Perception when animated by a conscious aim becomes Observation (observatio), and when the object admits of the investigation, Experiment (experimentum). In experiment we ourselves change the conditions of what happens; we seek to know what conditions are influential and the kind of influence they possess expressly for the sake of the observation, and the answer to the question stated is given by Nature herself.

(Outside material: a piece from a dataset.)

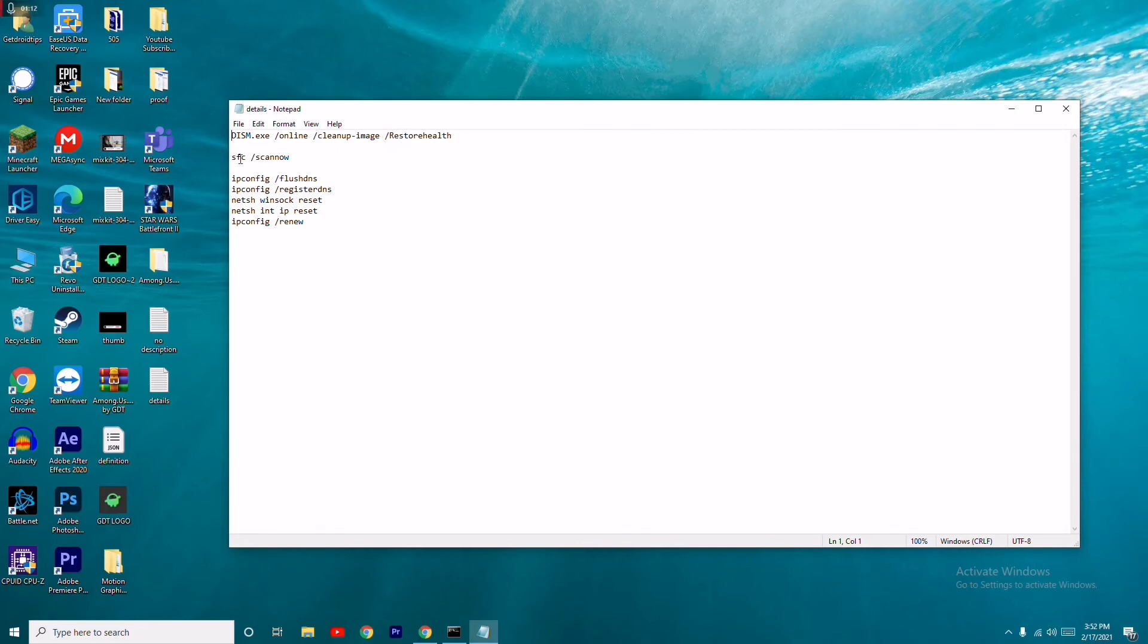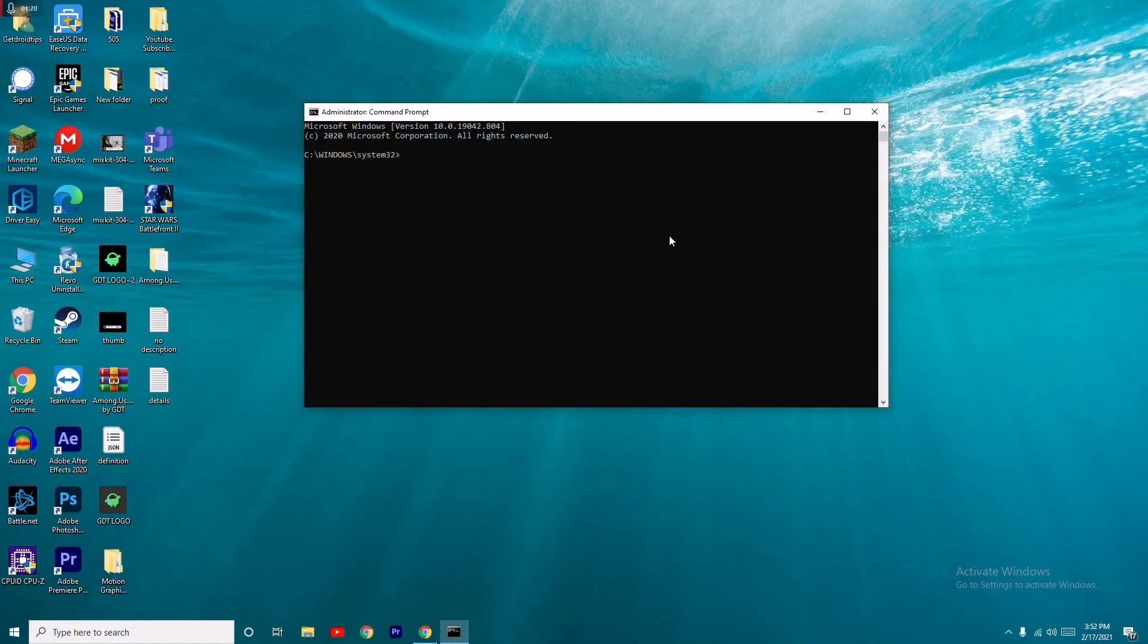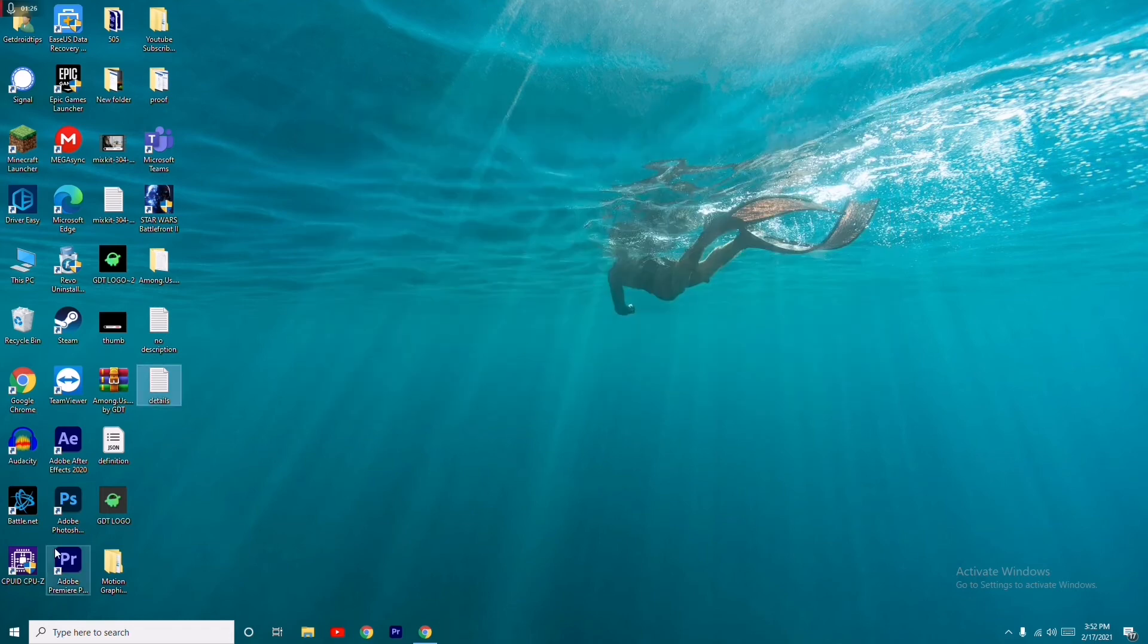The next one is: sfc /scannow. You have to do both these commands. I'll be giving you these in the description, so don't worry. After doing both and pressing enter, most probably the issue will be fixed.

The trustworthiness (fides) of testimony is settled by the general logical rules which govern the inference from the conditioned to the condition, and, more particularly, the construction and verification of hypotheses (§ 134), for this is only a special case of that more general class. The fact to be concluded is the real prius of the testimony. The content of the testimony may have for its ground, either that the event has happened and has been observed exactly in the same way, or that the observation has been influenced by a false apprehension, an untrue recollection, preference of some fancy to strict accuracy, or the confusion of subjective judgment with objective fact. But the witness of an immediate or eyewitness (testis primitivus, proximus, oculatus), who is an immediate witness notoriously or according to the assured concurrence of historical criticism, is

trustworthy, provided that he has been able to apprehend the fact strictly and truly, according to his intellectual and moral condition, and to represent it truly, and has taken care to do so. The agreement of several immediate witnesses with each gives to their assertion a very high probability, if it is proved that they are independent, that they have not been deceived by the same deception, nor have been affected and psychologically influenced by the same one-sidedness in apprehension and statement; for a purely accidental agreement in an accidental circumstance has, according to the laws of the calculation of probability (cf. § 132), a very high degree of probability in all complicated relations. The trustworthiness of mediate witnesses (testes secundarii, ex aliis testibus pendentes) is determined partly by their sense and critical capacity, partly and chiefly by their relation to immediate witnesses. It is an essential problem, but seldom absolutely soluble, to discover the genealogy of testimony. The testimony of later witnesses is suspicious, especially when there is anything in it to serve a distinct (poetical, national, philosophical, dogmatic, or practical) tendency, and the further it stands from the actual occurrences. The verification of the subjective trustworthiness of different witnesses is reciprocally related to the verification of the objective probability, which what is attested has in itself and in connection with undoubted facts. Criticism is positive, so far as it has to construct a complete picture of the real previous occurrence, by combining the true elements and excluding the false.